On Boundary-Value Problems for RANS Equations and Two-Equation Turbulence Models

Abstract

Currently, in engineering computations for high Reynolds number turbulent flows, turbulence modeling continues to be the most frequently used approach to represent the effects of turbulence. Such models generally rely on solving either one or two transport equations along with the Reynolds-Averaged Navier–Stokes (RANS) equations. The solution of the boundary-value problem of any system of partial differential equations requires the complete delineation of the equations and the boundary conditions, including any special restrictions and conditions. In the literature, such a description is often incomplete, neglecting important details related to the boundary conditions and possible restrictive conditions, such as how to ensure satisfying prescribed values of the dependent variables of the transport equations in the far field of a finite domain. In this article, we discuss the possible influence of boundary values, as well as near-field and far-field behavior, on the solution of the RANS equations coupled with transport equations for turbulence modeling. In so doing, we defne the concept of a well-defined boundary-value problem.
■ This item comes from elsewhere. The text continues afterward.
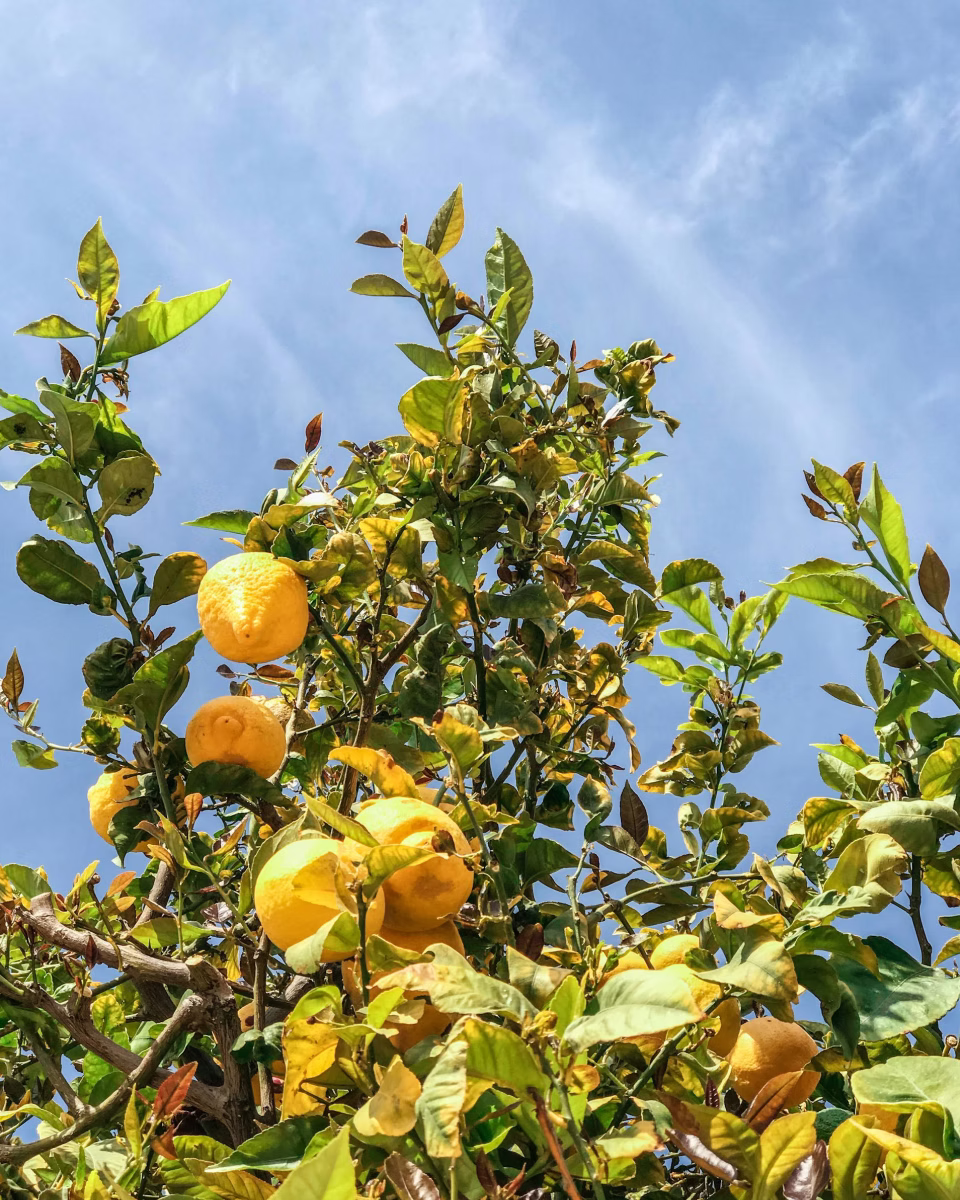 Orange tree with ripe fruit and green leaves under a partly cloudy blue sky.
Additionally, a three-dimensional, rather than a simpler one-dimensional analysis is performed to analyze the near-wall and far-field behavior of the turbulence model variables. This allows an assessment of the decay rate of these variables required to realize the boundary conditions in the far field. This paper also addresses the impact of various transformations of two-equation models (e.g., the model of Wilcox) to remove the singular behavior of the dissipation rate at the surface boundary. Finally, the issue of well-posedness regarding the governing equations is considered. A compelling argument (although not a proof) for ill-posedness is made for both direct and inverse problems.